■ **Problem description**: Looking at the listing below, retype exactly the lines starting at the one containing "デート 下北沢(DATE) ペールグリー" and ending at the one containing "Xe điện đi mua bị ngập nước và cách xử lý.", both included, and nothing else.

■ **Available data**:
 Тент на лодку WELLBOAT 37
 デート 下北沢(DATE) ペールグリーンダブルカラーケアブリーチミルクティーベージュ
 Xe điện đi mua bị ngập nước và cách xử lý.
...
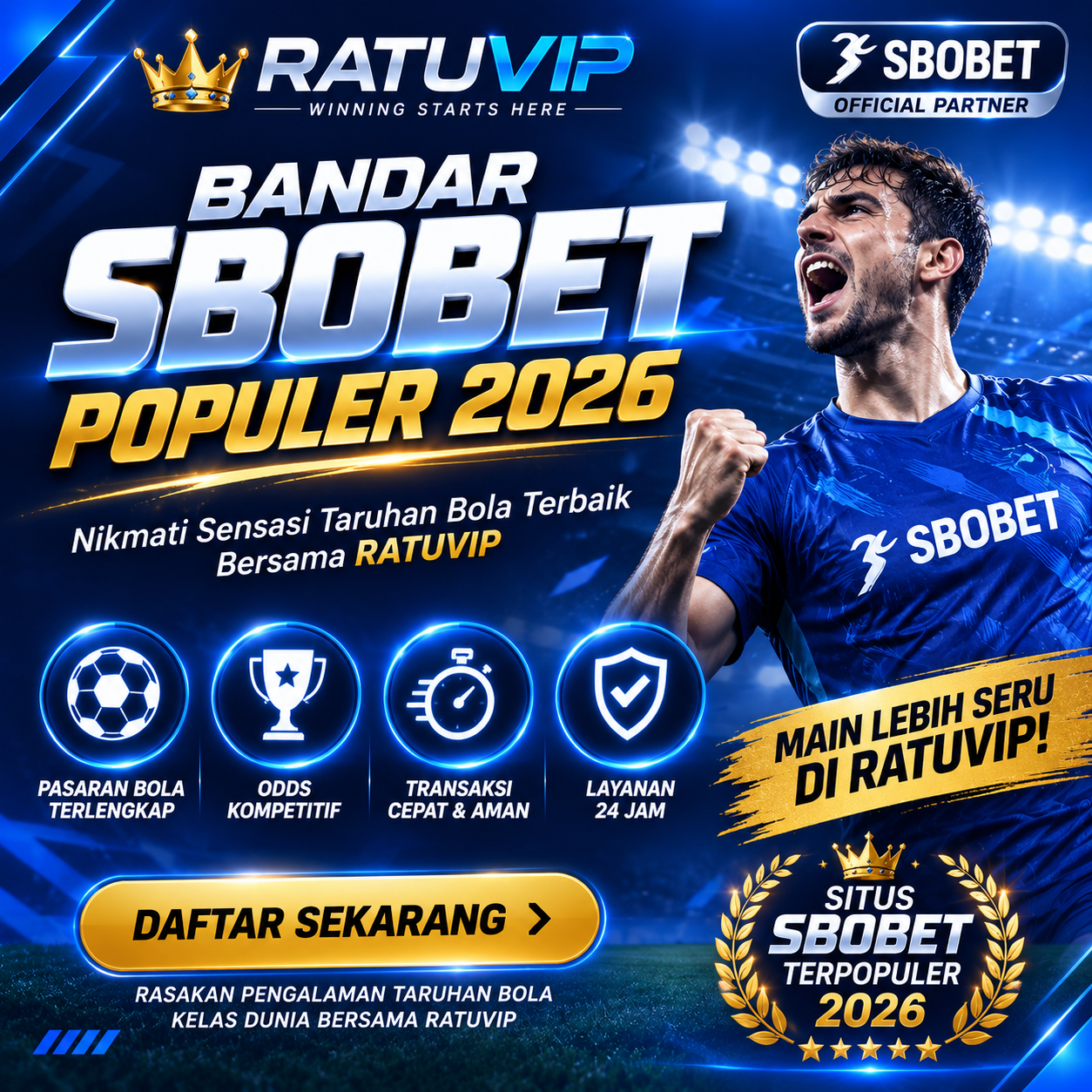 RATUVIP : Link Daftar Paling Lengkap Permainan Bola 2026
...
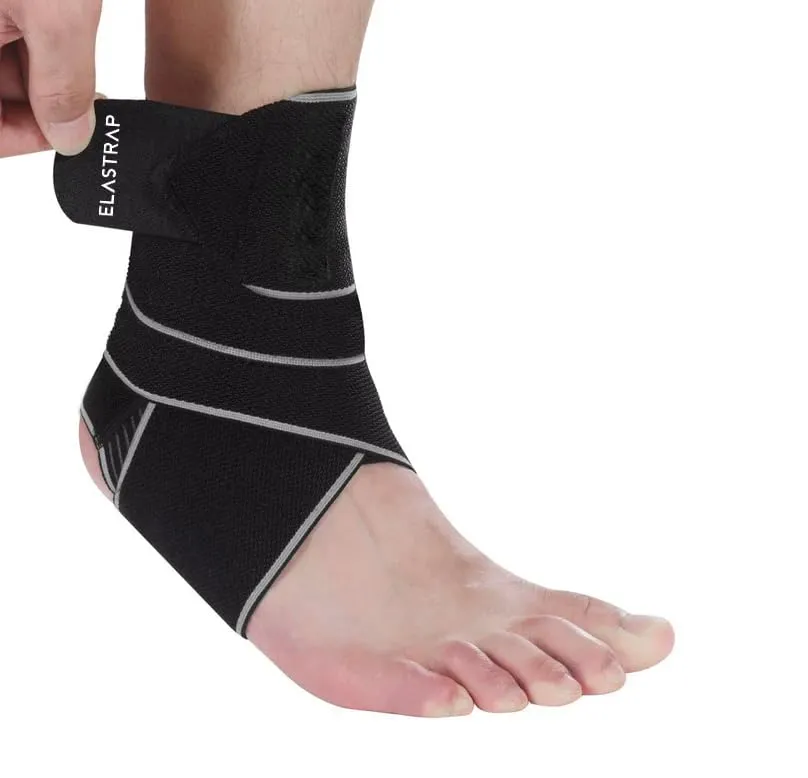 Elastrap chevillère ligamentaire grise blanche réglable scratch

■ **Exercise output**:
 デート 下北沢(DATE) ペールグリーンダブルカラーケアブリーチミルクティーベージュ
 Xe điện đi mua bị ngập nước và cách xử lý.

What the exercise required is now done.